■ Task ■
Would you restate all of the entries verbatim, minus any images?

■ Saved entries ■
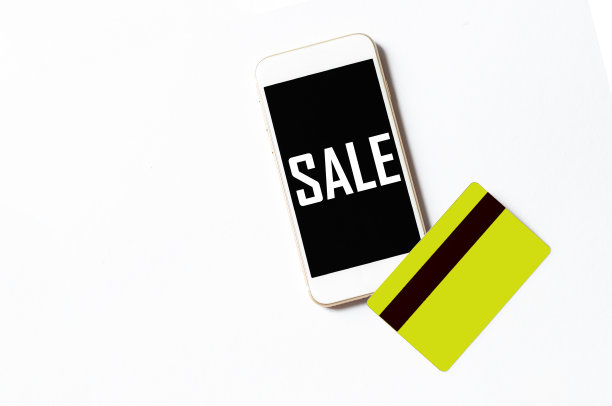 网上购物的概念。木质背景的信用卡智能手机图片下载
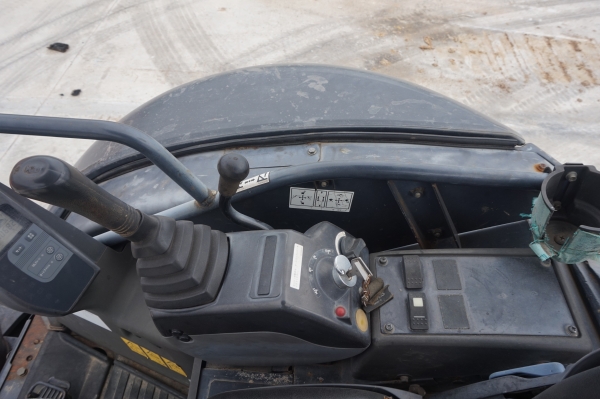 ขายแบคโฮ HITACHI ZX30U-2 นำเข้าจากญี่ปุ่นยังไม่ผ่านการใช้งานในไทย ขายแบคโฮ HITACHI ZX30U-2 นำเข้าจากญี่ปุ่นยังไม่ผ่านการใช้งานในไทย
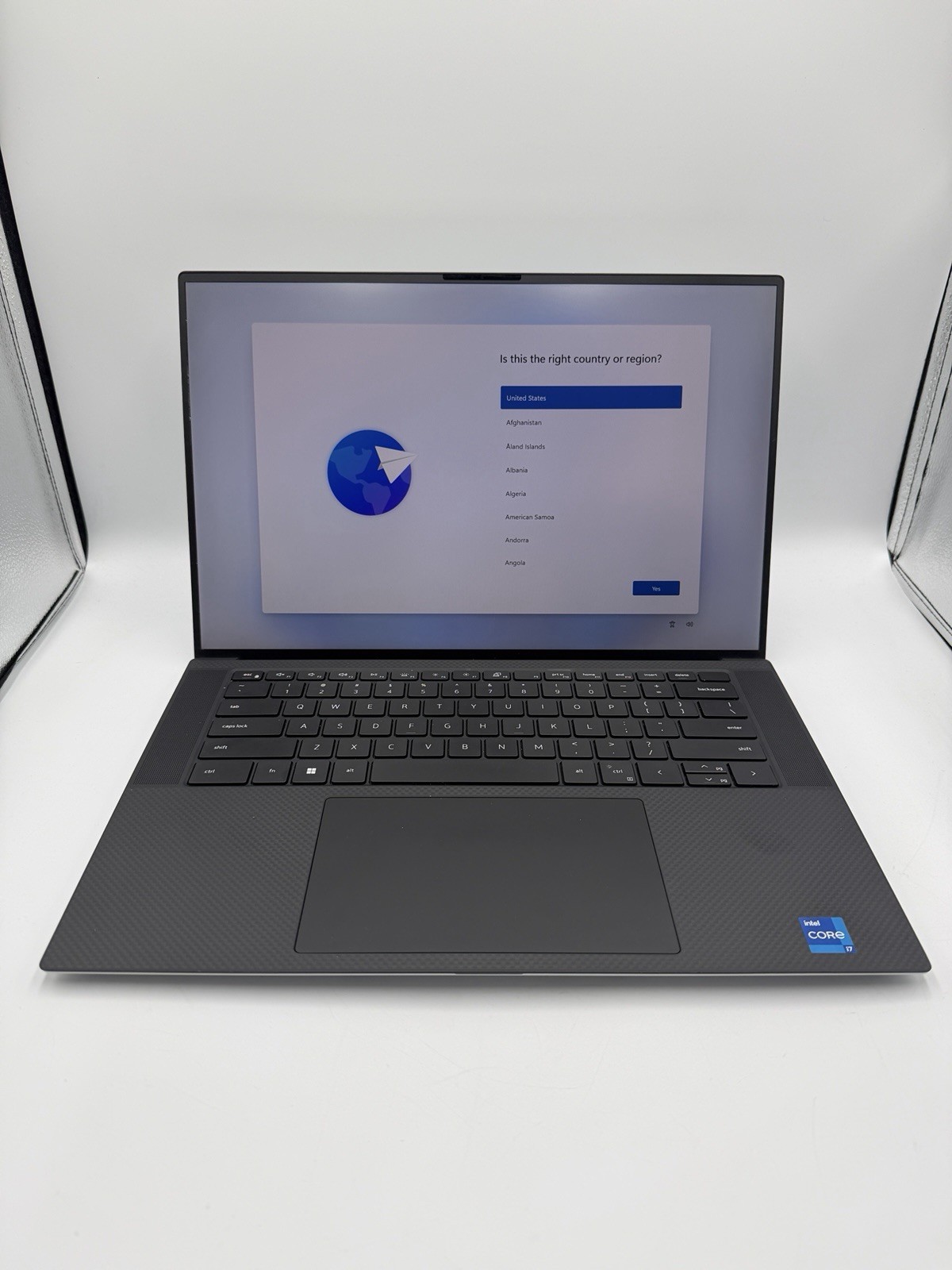 Dell XPS 15 9520 15.7″ Intel i7-12700H 32GB 1TB SSD RTX 3050 Ships Today !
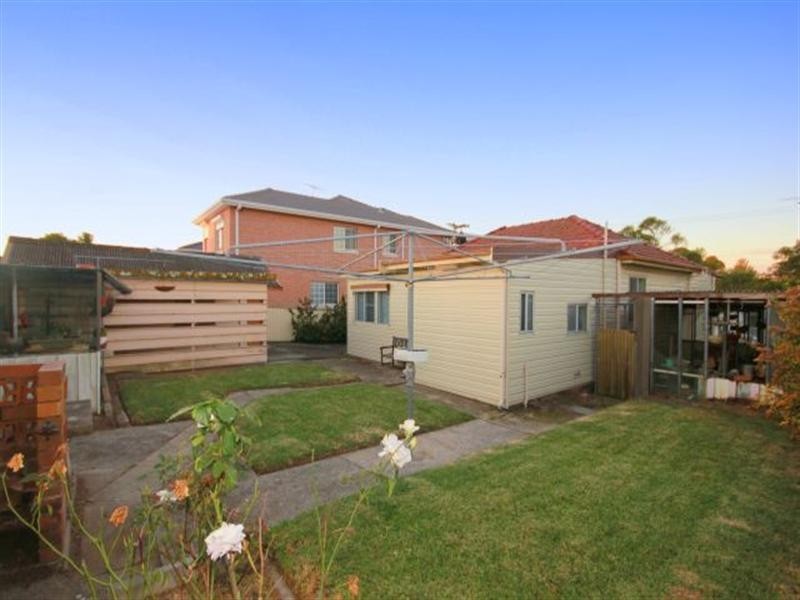 10 Emery Avenue, Yagoona NSW 2199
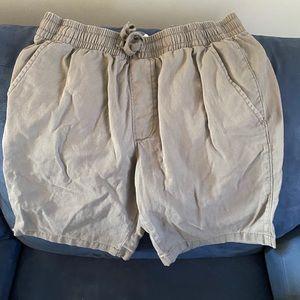 Chino/ board shorts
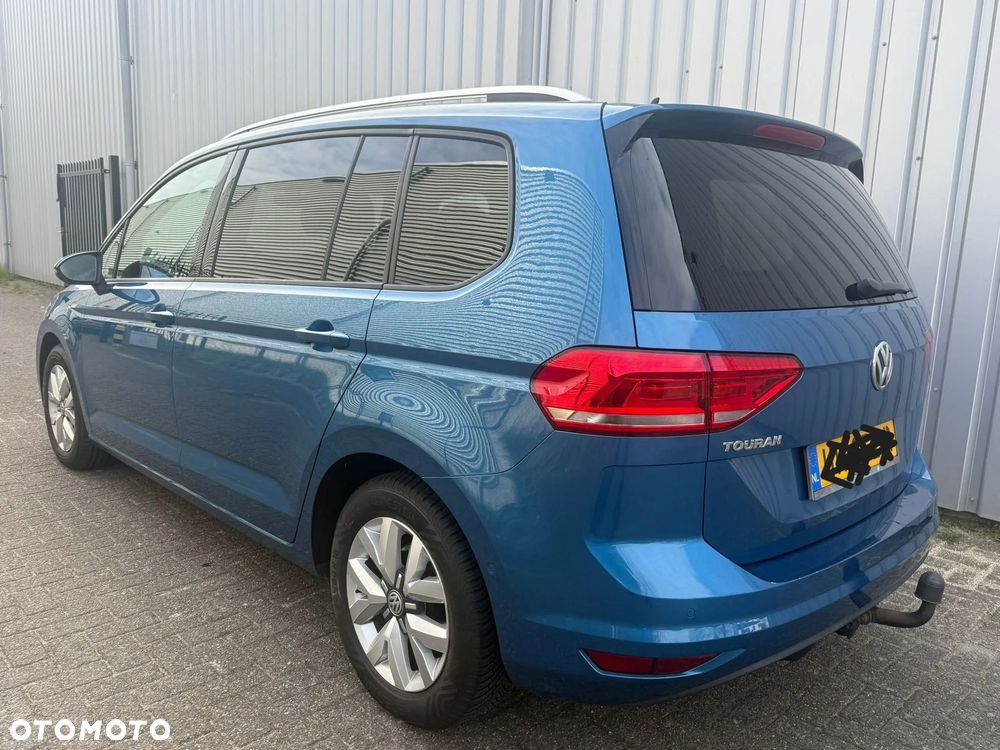 Volkswagen Touran 1.6 TDI SCR BlueMotion Technology DSG Comfortline - 14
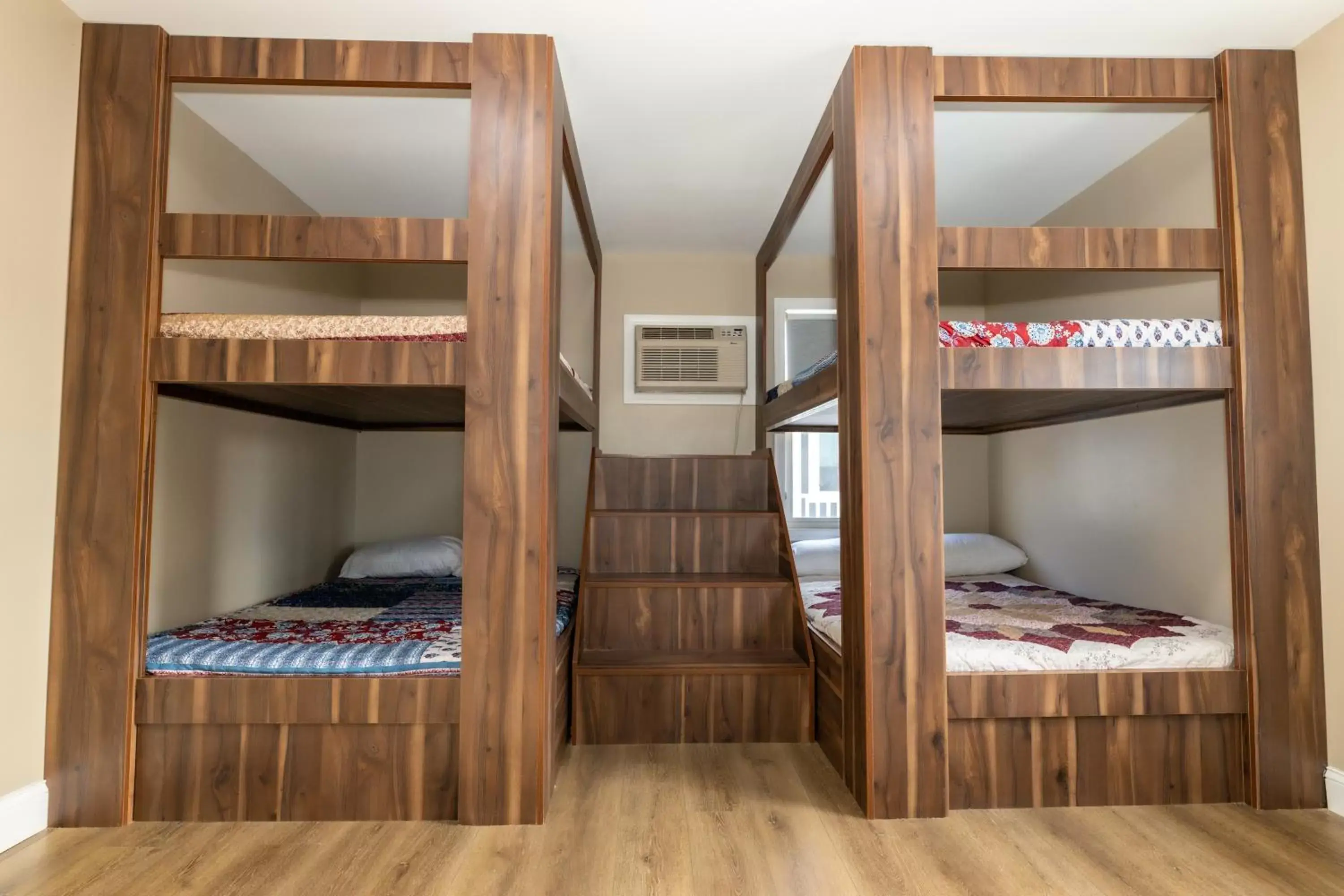 Bunk Bed in Seaside Sands Inn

■ Answer section ■
 网上购物的概念。木质背景的信用卡智能手机图片下载
 ขายแบคโฮ HITACHI ZX30U-2 นำเข้าจากญี่ปุ่นยังไม่ผ่านการใช้งานในไทย ขายแบคโฮ HITACHI ZX30U-2 นำเข้าจากญี่ปุ่นยังไม่ผ่านการใช้งานในไทย
 Dell XPS 15 9520 15.7″ Intel i7-12700H 32GB 1TB SSD RTX 3050 Ships Today !
 10 Emery Avenue, Yagoona NSW 2199
 Chino/ board shorts
 Volkswagen Touran 1.6 TDI SCR BlueMotion Technology DSG Comfortline - 14
 Bunk Bed in Seaside Sands Inn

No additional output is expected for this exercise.